The price of oil: Shell in the Niger Delta

Posted by jamess — 7 October 2011 at 3:00pm - Comments
UN confirmed that Shell's oil spills could take 30 years to clean up
All rights reserved. Credit: George Osodi
UN confirmed that Shell's oil spills could take 30 years to clean up

A guest blog from Ben Amunwa, campaigner with oil industry watchdog Platform

This time last year I was standing in a vast pool of oily water. It used to be a fish pond for local villagers, but now everywhere was coated with oil and the stench of petroleum was overpowering. A light rain was falling.

We were in Ikarama, a village that has been at the heart of Shell's vast operations in the Niger Delta for decades. An oil spill from Shell's Okordia manifold had occurred several months earlier, contaminating the local environment. Evidently the spill had not been cleaned up. Instead, the company had scooped and dumped the oil in the bushes on the other side of the road. In August 2011, Ikarama suffered 12 oil spills as Shell lost control over a key pipeline.

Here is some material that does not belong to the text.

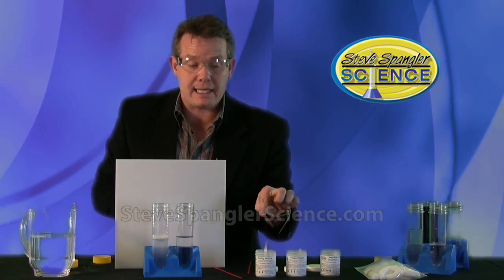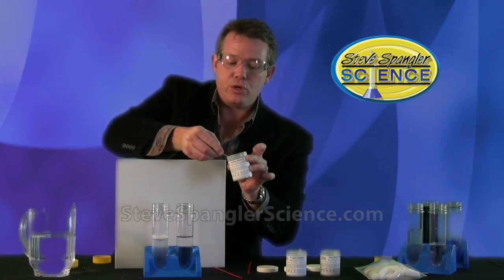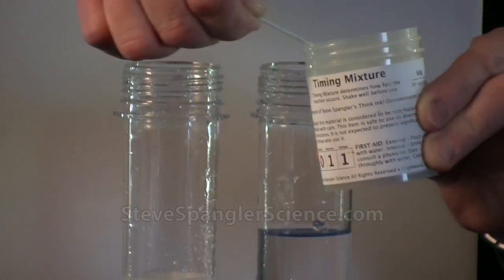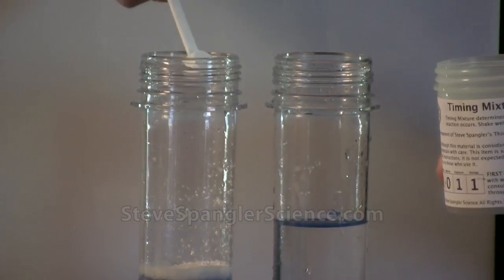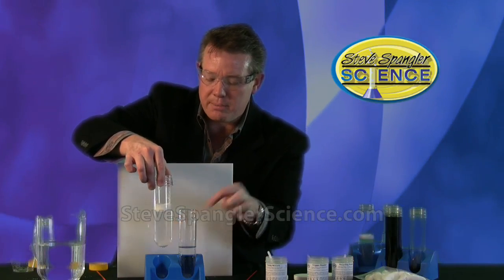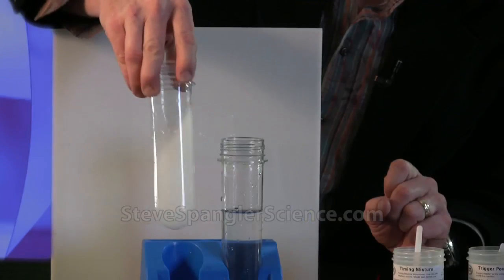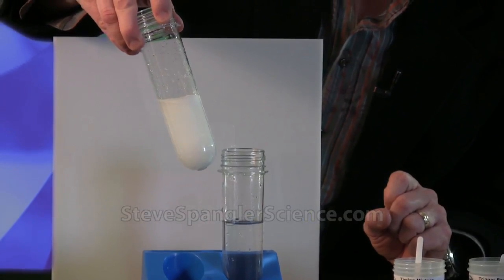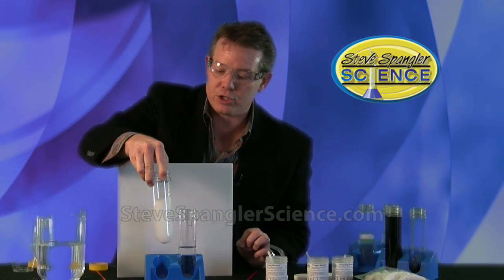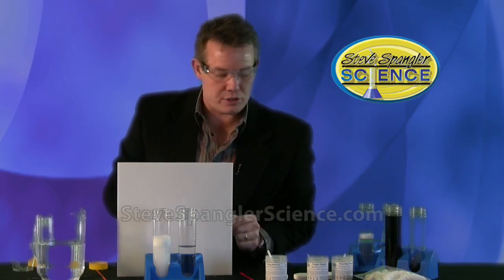To test tube A we're going to add timing powder. Make sure you mix up the powder before you start — you'll need two scoops. There's the first scoop and the second scoop. Now don't put the cap back on, because if you look closely you can see the bubbling going on. That bubbling is producing carbon dioxide gas and we want to make sure we don't build up pressure and throw liquid out of the test tube. Just a gentle stirring with the stirring sticks included in the kit — that's all you have to do for test tube A.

Ikarama is a microcosm of a much wider problem. As the UN confirmed recently, Shell's oil spills have created a disaster that could take 30 years to clean up, and it is common for Shell to cover up heavily polluted sites rather than remediate them.

I had come to the Niger Delta to investigate Shell's role in recent human rights abuses perpetrated by government forces and other armed groups. I found that Shell not only relied on government forces who systematically abused human rights, they also paid lucrative contracts to groups linked to armed militia. Shell admitted that from 2006 onwards, the company paid thousands of dollars every month to armed militants in the town of Rumuekpe, in the full knowledge that the money was used to sustain three years of conflict that is estimated to have killed at least 60 people.

The killings and torture and the cruel, inhumane, degrading treatment I documented occurred in communities and towns that have already suffered decades of environmental devastation. Every community I visited bore the scars of Shell's activities, from loss of livelihoods to loss of lives. I simply couldn't escape the oil spills, gas flares and the hot stench of petroleum.

When I shared my research with the BBC, they said it was "startling". But for those who have followed Shell and its partners in the Niger Delta over the past few years, none of the report's findings should come as a surprise. There is a large body of evidence that implicates Shell in paying huge contracts to militants, militia, and any other armed groups responsible for human rights abuses. Platform's report adds to the picture.

Shell's system of community development and engagement are broken. Instead of building peace, Shell rewards violence. What is deeply shocking is that these practices are routine, and have been so throughout the worst years of a conflict that has claimed an estimated 1,000 lives a year.

Some might say, "Well, that's awful. But how else do you expect an oil company to operate in a conflict zone like Nigeria?" The answer is: we don't. We expect a company to "do no harm" and to respect human rights, wherever it operates. Is it more acceptable for Shell to be involved in human rights abuses in Nigeria than, say, in Canada? In a world where human rights are universal, the answer must be no.

The UN Framework for Business and Human Rights states that companies have a duty to avoid human rights violations regardless of challenging "external environments". Under that framework, companies like Shell in Nigeria have a higher duty because of the higher risk.

But without a legally binding mechanism to address corporate human rights abuses, these kinds of tragedies will continue unchecked. We must press governments, shareholders and the public to hold Shell accountable for its human rights abuses. Campaigns can be just as effective as legal action in stirring up public outrage and winning change.

That change – such as breaking the link between Shell and armed groups, and a comprehensive clean up in the Niger Delta – will not come overnight. But the injustices must end someday.